Officials with the U.S. Environmental Protection Agency said Monday that the Navy’s plan to secure and prevent future leaks at the Red Hill Bulk Fuel Storage Facility is moving forward and making progress.
“We’ve got a lot to show for,” the EPA’s Steve Linder told the Honolulu Board of
Water Supply from San Francisco during a videoconference call.
But others at the public meeting in Honolulu blasted the EPA and the Navy for dragging their feet 2-1/2 years after 27,000 gallons of jet fuel leaked at Red Hill.
“There’s a definite lack of urgency,” Pulama Long testified.
Joshua Noga, conservation coordinator with the Sierra Club of Hawaii, described the Navy’s plan as “woefully inadequate.”
Long and Noga were among a handful of people in a standing-room-only crowd in the agency’s boardroom who urged the EPA to safeguard an aquifer that supplies drinking water to a quarter of Oahu’s population.
The Navy’s 20 underground jet fuel storage tanks are on the ridge between Moanalua and Halawa valleys, with the lowest tank situated roughly 100 feet above the aquifer.
In January 2014, when one of the tanks leaked some 27,000 gallons of jet fuel, many were worried the groundwater below had been fouled.
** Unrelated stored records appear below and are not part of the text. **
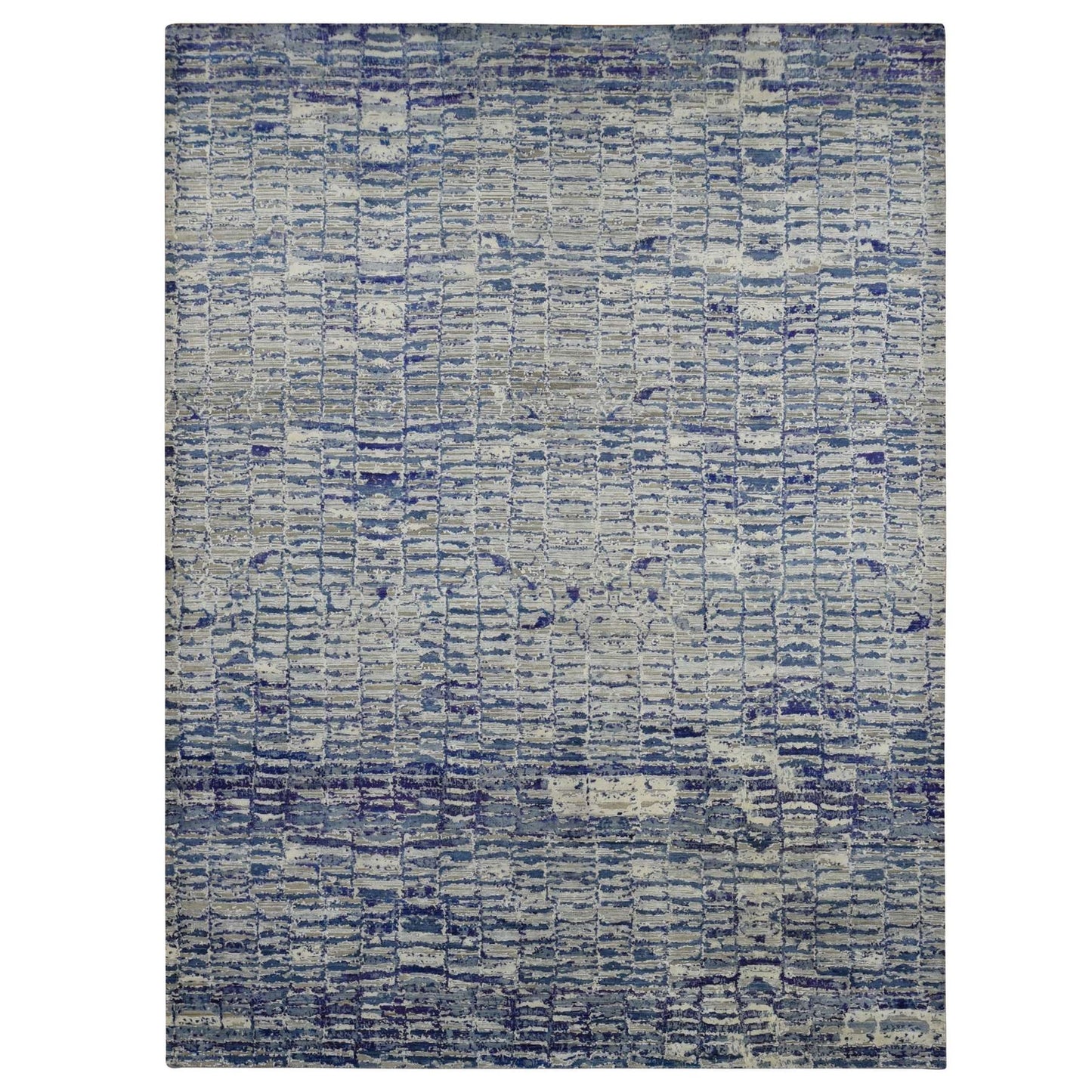 10'2"X13'10" Indigo Diminishing Bricks Sari Silk Hand Knotted Rug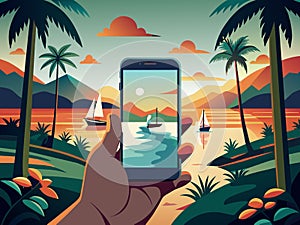 Capturing Tropical Sunset on Smartphone: Palm Trees, Mountains and Sailing Boats  photo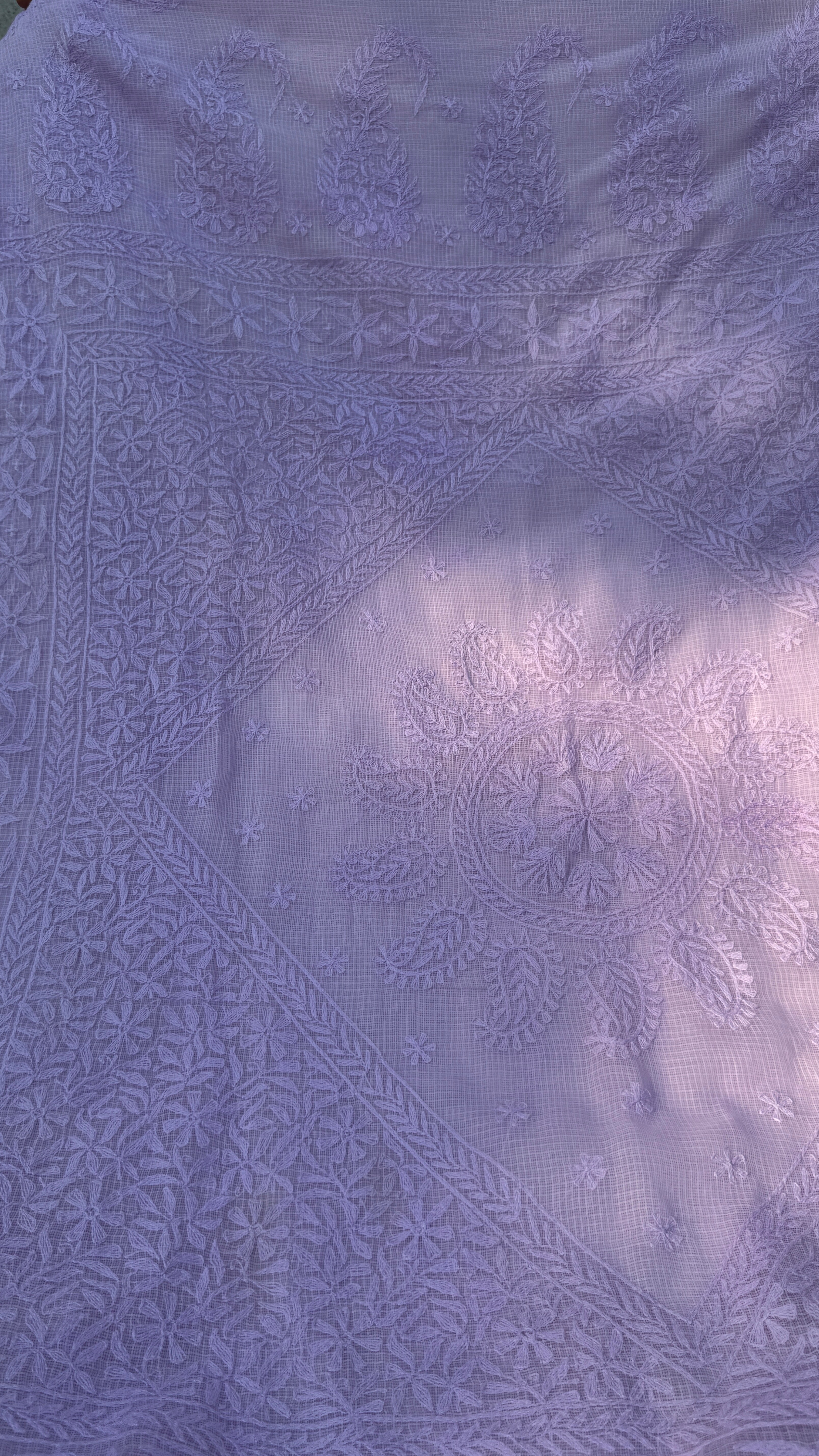 Kota Chikankari saree in Lilac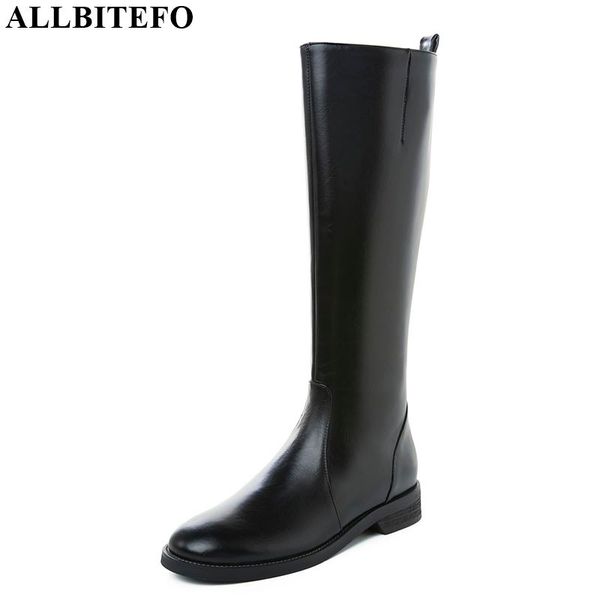 

allbitefo natural genuine leather comfortable casual women boots mid-calf boots new ladies winter causal girl shoes long, Black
But tests on drinking water samples taken since the incident have largely fallen within state and federal standards.
State and city officials and the public have voiced concern about the continued use of the facility and the potential for the fuel to eventually migrate into the city’s water supply.
Earlier this month the Board of Water Supply picked apart details of the Navy’s plan in a formal response to the EPA, saying some of the proposed actions are based on untested assumptions and gaps in data.
In other instances, the board said, the Navy ignores scientific data that could help it track the jet fuel leaked from Tank 5 in 2014.
In addition, dozens of other flaws in the plan were noted in a 17-page letter to the EPA and signed by Board of Water Supply Manager Ernest Lau.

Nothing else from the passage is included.